1. If I was to uncheck my locals in the 622 settings, I would be guaranteed to be recording only OTA channels?

1A. If I tell the 622 to record all episodes of a certain show, and I program it on the OTA line in the guide, will it only record it from the OTA or will it record it on the sat-provided local when it sees it there? 

2. So you are saying I have to change settings on the 622 to the resolution that matches what the channel is broadcasting in to avoid the box scaling the original feed? I have to do this with every show?
Mike


----------



## Jim5506 (Jun 7, 2004)

There is a setting in the OTA HD set up to prioitize OTA HD VS HDLIL from DIsh.

The HD output on your 622 is fixed at the setting you specify. That setting is usually the one that your display handles naturally. For instance, if you have a 720p plasma, set the 622 to output 720p. If you have a 1080i RP CRT display, set the 622 to 1080i.

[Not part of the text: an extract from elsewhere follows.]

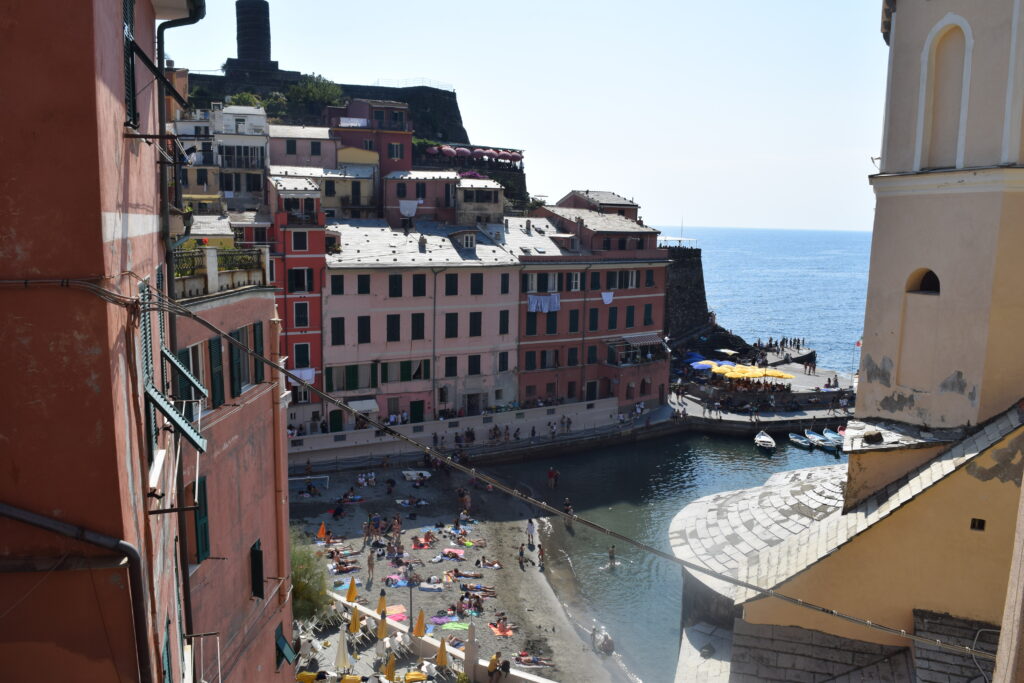 Monterosso al Mare, Italy. Photo of coastal Italy. 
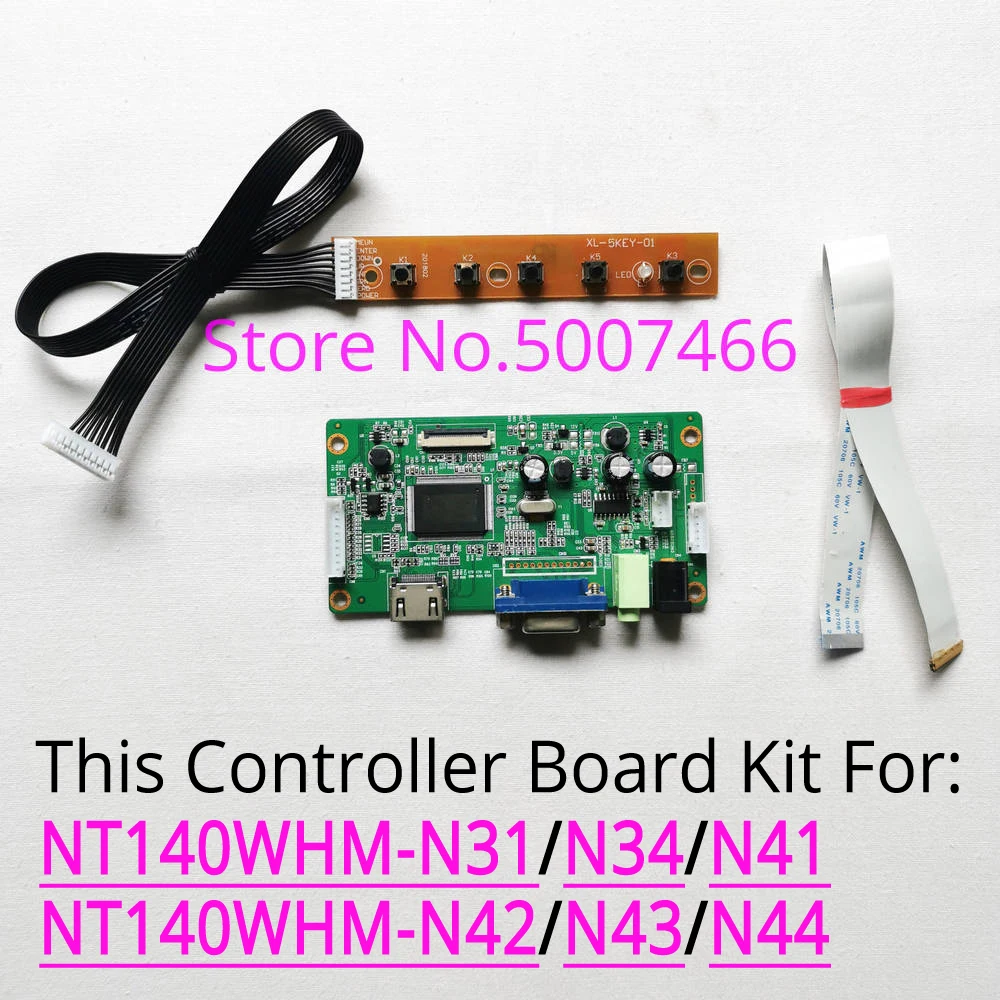 Pentru NT140WHM-N31/N34/N41/N42/N43/N44 WLED EDP 30-pin 1366*768 Notebook PC LCD Panoul de Afișaj VGA Controller Driver Bord Kit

There is speculation that Dish may program the 622 for native pass through, but as of now the output is static unless you go into the menu when you change channels and change it.


----------



## mikeap (Jun 17, 2007)

Thanks Jim,
I have a 1080p display, with an outboard Algolith Dragonfly scaler. So that means my TV is not native to any resolution, and any conversion from 480/720/1080 to 1080p should be done by my Dragonfly for optimum performance. So that means I either neet to change it each show, or wait for native passthrough.

Let me ask this:
1. Does any sat or cable provider offer native passthrough?

2. How do I find out what channels are broadcast in what resolution?

Michael


----------



## Jim5506 (Jun 7, 2004)

#1 -I have no idea, the back of my mind says I may have read that DirecTV might have a native pass through receiver.

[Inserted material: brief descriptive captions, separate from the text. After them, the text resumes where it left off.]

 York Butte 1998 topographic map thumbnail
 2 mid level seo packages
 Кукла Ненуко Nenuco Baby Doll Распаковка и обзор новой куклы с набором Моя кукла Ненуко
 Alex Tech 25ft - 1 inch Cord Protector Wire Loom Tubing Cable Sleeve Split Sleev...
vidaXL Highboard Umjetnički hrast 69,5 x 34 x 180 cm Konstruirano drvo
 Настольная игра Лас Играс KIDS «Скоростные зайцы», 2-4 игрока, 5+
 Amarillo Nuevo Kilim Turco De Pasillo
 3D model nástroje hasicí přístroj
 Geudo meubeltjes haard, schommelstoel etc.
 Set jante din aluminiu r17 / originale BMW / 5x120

#2 - Most channels are 1080i, but ABC, the ESPN's, FOX and , I believe, National Geographic are 720p.


----------



## n0qcu (Mar 23, 2002)

ABC, FOX & ESPN are 720p all the rest are 1080i.


----------



## mikeap (Jun 17, 2007)

Thanks guys. If anyone else knows of cable or sat company/box that allows native passthrough, it would be really helpful. 

So I assume that if it is SD 480i on the 622, it will still convert that too, huh?


----------



## Mike D-CO5 (Mar 12, 2003)

480i won't work on my tv using hdmi. I have to set it at least to 480p to even get my tv to upscale it to 540p or 1080i.


----------



## Stewart Vernon (Jan 7, 2005)

Time Warner cable has some boxes that do native pass-through, actually a little more configurable than that.. The TV my father has can accept various input formats... so the HD receiver he has with Time Warner, he can check which resolutions his TV supports (480p, 720p, 1080i, etc) and the box will behave accordingly.


----------



## mikeap (Jun 17, 2007)

I'm using a scaler, so I can go anything in, anything out. 

HDMe:
That features sounds good, but since my scaler can accept everything, I would check all the boxes. That's fine, but what I want is the box to choose the format that it is broadcast in, and then keep it that way. 

I know Directv has a feature where you check all the formats your TV can handle. I could check all of them, but the question is, will it change what it outputs as I surf between HDNet 1080, SpeedTV, 480i, ABC 720p, and Fox Sports, sometimes 480p or 720P.
Will the HR20 do this and will it be reflected on the front of the unit where it shows the resolution?
Mike


----------



## archer75 (Oct 13, 2006)

I see no difference in picture quality on my HD locals from OTA to the dish feed. They both look very good.


----------



## kckucera (Aug 1, 2005)

archer75 said:


> I see no difference in picture quality on my HD locals from OTA to the dish feed. They both look very good.


Yes I just upgraded from a 921 to a 622 and was surprised to see little difference betweeen OTA and Dish HD locals. Dish locals are a slight bit softer but not objectionable in HD and better in SD than my 921. Of course this all depends on the resolution of your monitor, in my case 720p native.


----------



## harsh (Jun 15, 2003)

mikeap said:


> I'm using a scaler, so I can go anything in, anything out.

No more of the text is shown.